**What you are asked to do**
Only the lines from the line containing "Cara Menghapus Semua" through the final line of the entries should be printed, exactly as given, with the pictures left out.

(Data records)
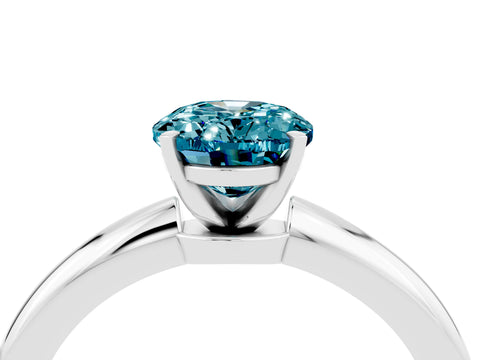 White gold Oval Cut Blue Topaz Solitaire Ring with Six-Prong Setting and Classic Band_4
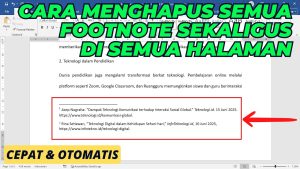 Cara Menghapus Semua Footnote di Word Sekaligus Sebagian Catatan Kaki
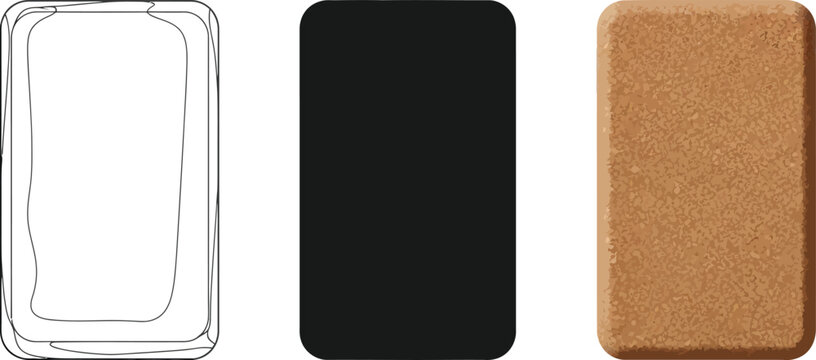 Three rectangular objects a sketch outline a solid black block and a textured cork surface isolated on white background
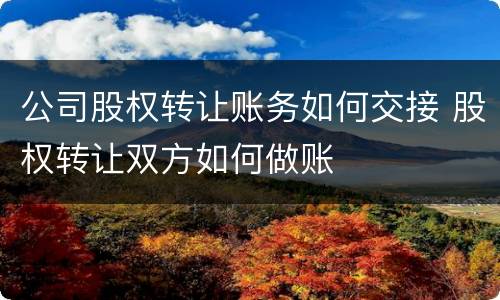 公司股权转让账务如何交接 股权转让双方如何做账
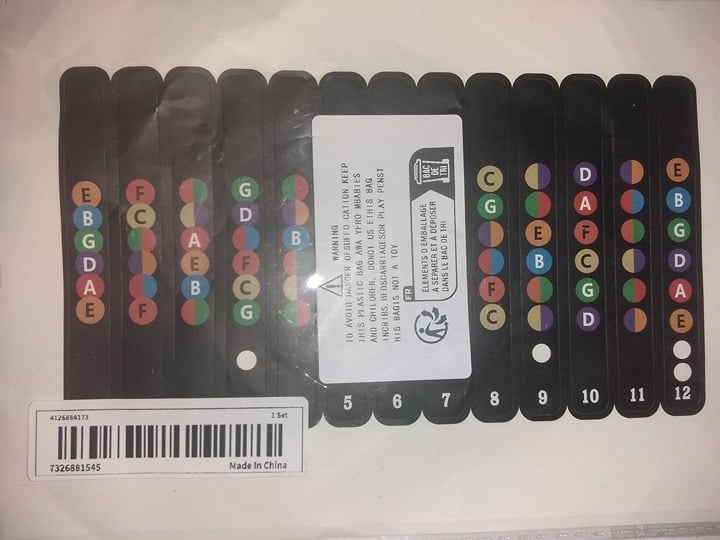 "New" Self-Study Fretboard Note Decals - Learn Guitar Easily! 20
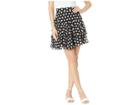 Juicy Couture All Over Dot Flirty Skirt (black Stripe Germain Dot) Women's Skirt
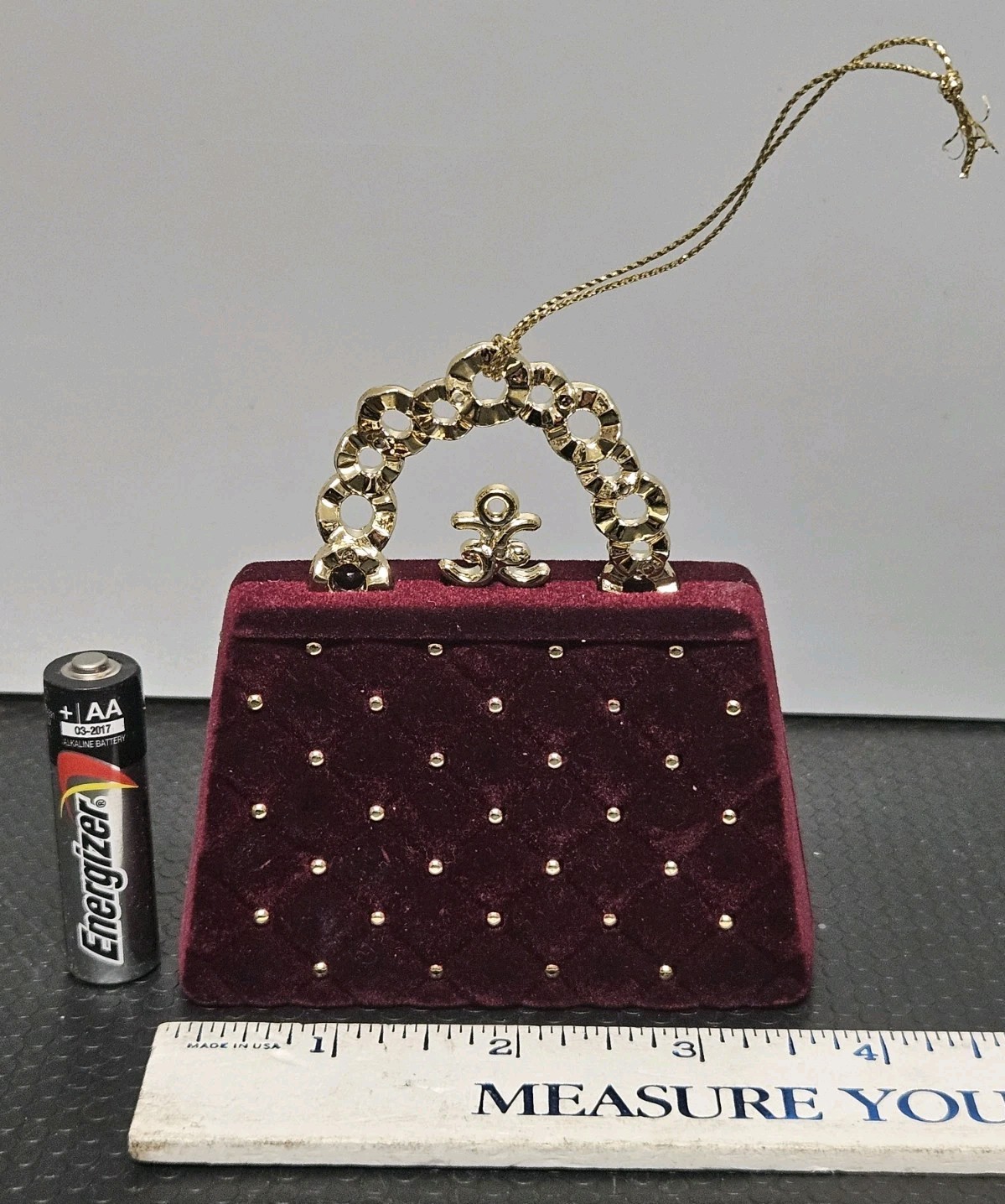 Red Velvet/Felt Satchel Purse 3.75\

**The completed task**
 Cara Menghapus Semua Footnote di Word Sekaligus Sebagian Catatan Kaki
 Three rectangular objects a sketch outline a solid black block and a textured cork surface isolated on white background
 公司股权转让账务如何交接 股权转让双方如何做账
 "New" Self-Study Fretboard Note Decals - Learn Guitar Easily! 20
 Juicy Couture All Over Dot Flirty Skirt (black Stripe Germain Dot) Women's Skirt
 Red Velvet/Felt Satchel Purse 3.75\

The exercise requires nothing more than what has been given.